About this exercise: One exact copy of the listing is needed. It should contain no pictures.

Input data:
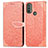 Leather Case Stands Fashionable Pattern Flip Cover Holder S04D for Motorola Moto E20 Orange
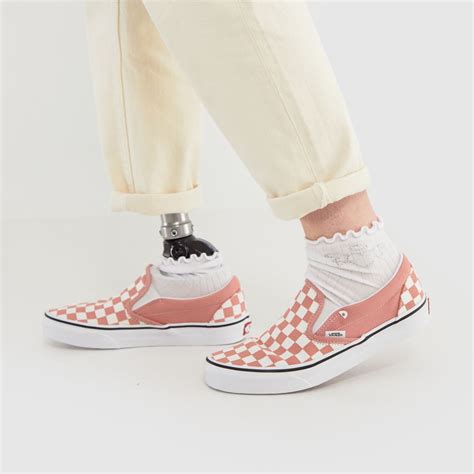 Womens Pale Pink Vans Classic Slip On Check Trainers Schuh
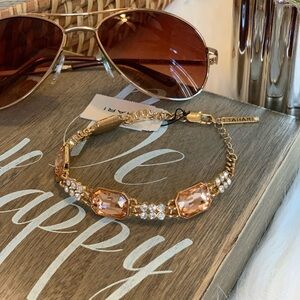 Tahari Faux Diamond Bracelet Gold Tone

Response area:
 Leather Case Stands Fashionable Pattern Flip Cover Holder S04D for Motorola Moto E20 Orange
 Womens Pale Pink Vans Classic Slip On Check Trainers Schuh
 Tahari Faux Diamond Bracelet Gold Tone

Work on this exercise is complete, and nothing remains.